Saturday, October 17, 2009

Solemnity in Worship

It's kind of an oxymoron, really.

I can find no scripture which connects worship exclusively with solemnity. There is grieving worship - the whole of Lamentations, for example; or the 137th Psalm. In them, Israel mourned the sin that led to their expatriation. The Lord's admonition to keep silent before Him in His temple (which we often see cut from context and cut into wood plaques above sanctuary doors) was a command to repent from idolatry to "gods" of stone and wood in Habbakuk 2. There is mourning for people who are dead or at least thought dead. There is James' advice to quarrelsome brothers and sisters in chapter 4 to mourn in their penitence.

(Maybe some of our brothers and sisters who cause dissension and division by forbidding worship which entertains God and man should mourn ... and repent. - Then get over it, and experience some real joy!)

While there are these few examples of mourning and worship connected in scripture, what you will find throughout the Old and New Testaments are hundreds of examples of worship accompanied by joy.

From the poet's exultation in Psalm 100 to the disciples' recognition of the risen Lord in Luke 24:52, worship, praise and joy go together.

If you surround the Lord's table and do nothing but mourn His death, week after week after week, know this: HE IS RISEN! (Matthew 28:7; Mark 16:6; Luke 24:6 - why do you think most Christians celebrate it on the first day of the week?!?)

If you gather time after time after time to share the bread and the cup while only mourning your sins, know this: THEY ARE FORGIVEN! (Psalm 32:1; Acts 2:38; >Ephesians 1:7; 1 John 2:12)

If you sing songs of joy and gratitude Sunday after Sunday after Sunday with only muttering gravity in your voice and duty in your face, know this: THE JOY OF THE LORD IS YOUR STRENGTH! (Psalm 28:7; Nehemiah 8:10)

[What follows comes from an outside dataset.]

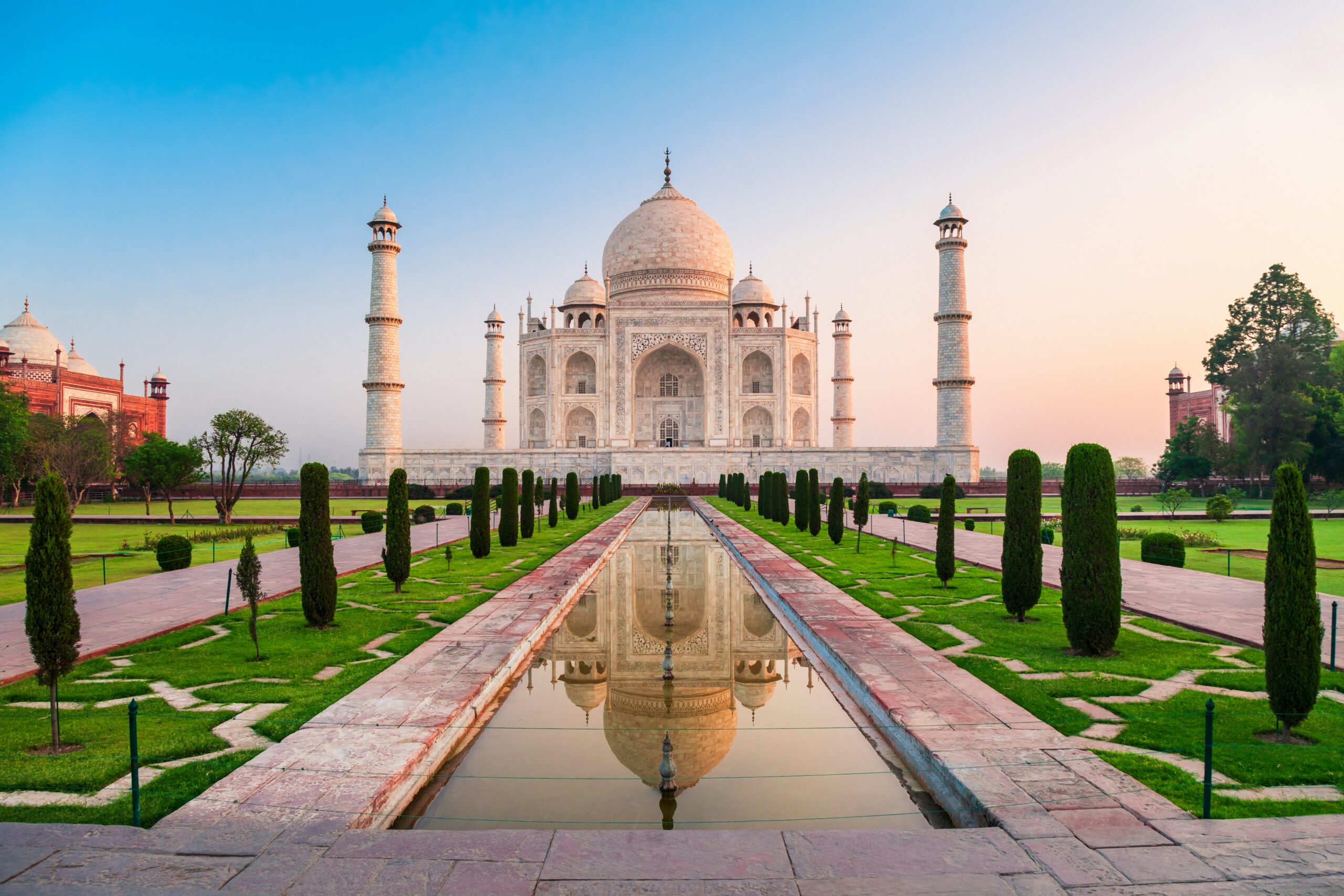The Taj Mahal at sunrise with soft light on the marble and a full reflecting pool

Good people, if joyless fear and dread and silence is always and only to be the hallmark of worship acceptable to God, why is that Jesus, "full of joy through the Holy Spirit, said, 'I praise you, Father, Lord of heaven and earth ...'"? (Luke 10:21) Why then did His followers loudly and joyfully praise God for His miracles? (Luke 19:37)

If we are still to live and worship only in fear, why does the Hebrews writer go to such pains to distinguish the old covenant's mountain of fear from the new covenant's mountain of joyful angels? (Hebrews 12:18-24)

If our obedience to God in worship and life is paramount, why do we ignore 1 Thessalonians 5:16 - "Be joyful always"? Is the instruction to "entertain strangers" (Hebrews 13:2) not to be obeyed in the context of gathered worship?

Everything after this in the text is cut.